After the break two emergency motions were considered, both moved by Tina Werkmann. The first tackled the Forde inquiry, the ‘independent’ panel set up by Labour’s national executive committee to investigate the leaked report. The comrade predicted that the inquiry will exonerate those HQ staff members whose racist, sexist and anti-party attitudes were exposed in the report, whilst condemning those who prepared and leaked the report itself. LAW will be engaging with this in two ways. First, it will make a submission that will expose the ‘anti-Semitism’ scandal and demand an end to the witch-hunt. This will be followed by a LAW-sponsored counter-conference to coincide with the publication of the Forde inquiry’s conclusions in September. Comrade Werkmann pointed out that it is not a good idea for individual LAW members to submit evidence to the Forde inquiry - unwelcome comments could result in future disciplinary action.

Jackie Walker reminded conference that the leaked report was prepared by members of the Lansmanite wing of the party, who actively support the witch-hunt, so the term ‘our side’ should be avoided, even though the ‘other side’ included the hated former general secretary, Iain (now Lord) McNicol.

As members began to vote on the motion, one of the technical shortcomings of holding an online conference became clear - a last-minute amendment was still being submitted. Clearly standing orders should provide deadlines for late amendments to avoid this confusion. The motion was passed with 97% in favour.

The final motion, on the upcoming NEC elections, provoked a heated, though largely ill-informed, debate. Comrade Werkmann explained how the change in the voting system was an attack on the left. Two years ago, under first-past-the-post rules, the ‘left’ slate won all nine seats.
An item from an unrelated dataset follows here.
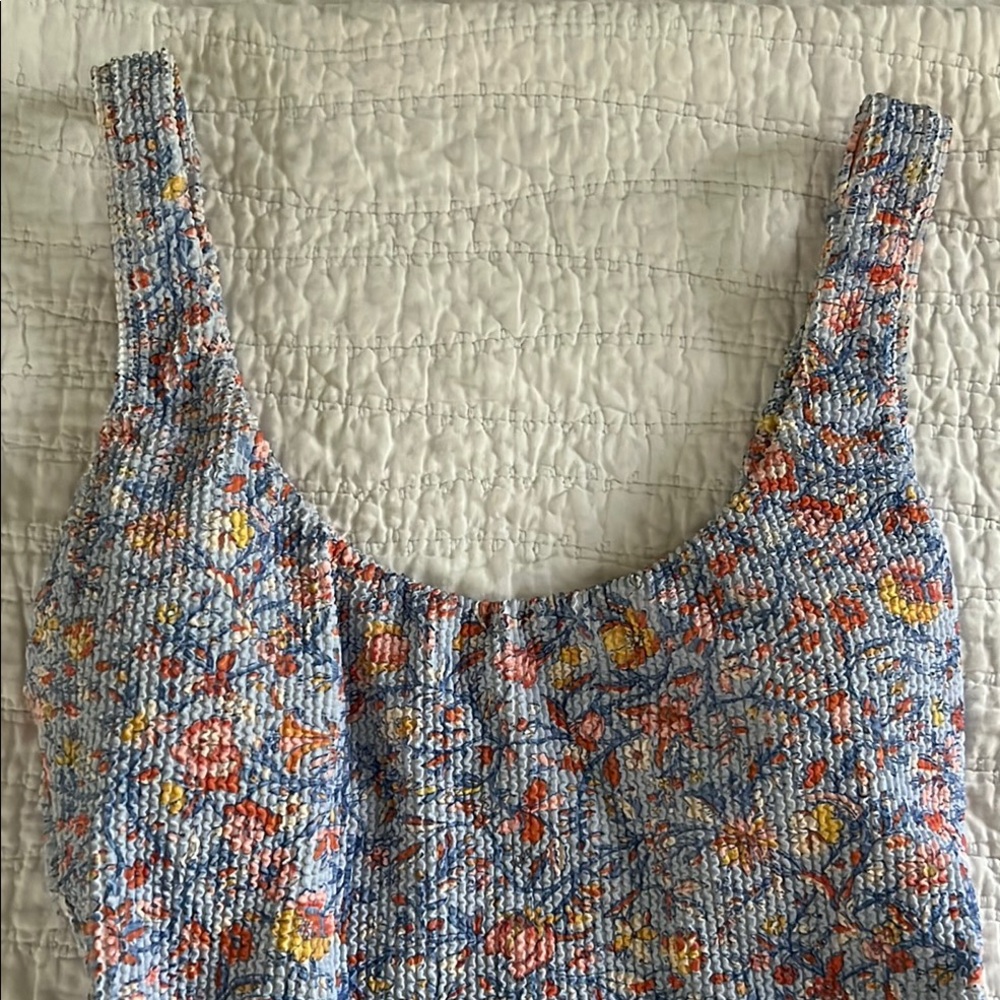 J. Crew White and Blue One Piece Swimsuit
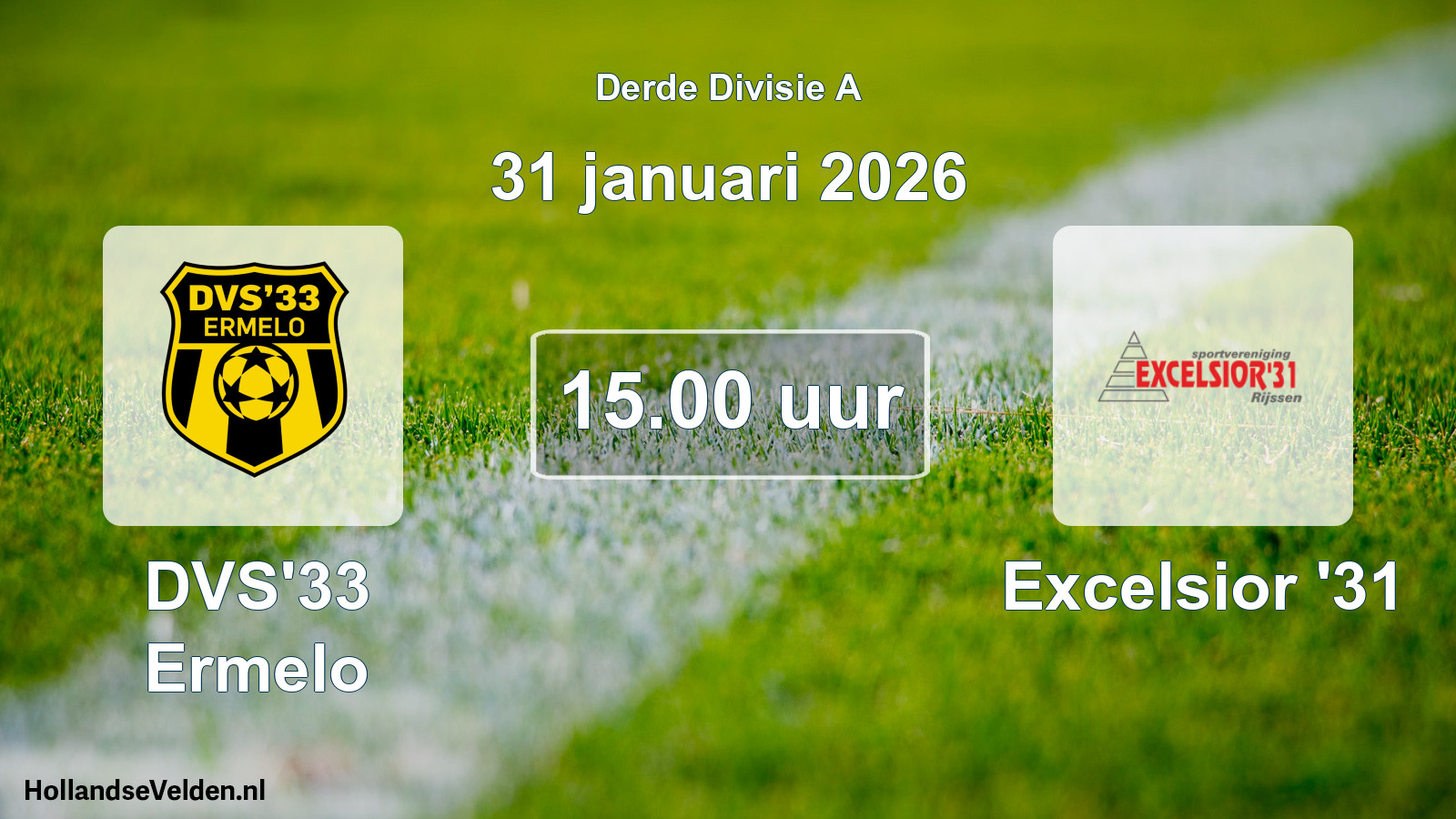 Geplande wedstrijd: DVS'33 Ermelo - Excelsior '31 (31 januari 2026)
This time, if the ‘single transferable vote’ system is used, at least three seats will go to the rightwing slate. But the new method does open up new opportunities, in that it may be possible for candidates opposing the witch-hunt to win seats on the NEC. Two points were clear: the corrupt and undemocratic method of imposing a slate on the left by the Centre Left Grassroots Alliance was no longer viable; and any potential ‘left’ slate that included Jon Lansman would be treated with contempt. The motion offered support to those candidates who backed LAW on NEC openness and accountability, a radical reform of the disciplinary system, a review of all suspensions and expulsions, rejection of the IHRA ‘definition’ of anti-Semitism and rejection of the Board of Deputies’ 10 pledges.

In the debate we heard calls to back candidates who did not openly support LAW and in favour of a broad slate, including ‘lefts’ complicit in the witch-hunt. It became apparent that some members did not understand how STV works, and others have been so conditioned to voting for ‘lesser evils’ that they were unable to imagine genuine left candidates. The misplaced desire for a single ‘united left slate’ still exerts a mental hold on many. The likelihood is that there will be many ‘left’ slates, with different groups promoting their ‘first preferences’ based on the politics of the candidates. That still permits deals for lower-preference places. Again, when it came to the vote, the motion and three minor amendments were all carried overwhelmingly.

The final task of the day was to elect a new steering committee, and it will not surprise you to learn that all seven candidates were elected unopposed. Labour Against the Witchhunt will have its work cut out in the coming months – let us hope these conference decisions can guide that work.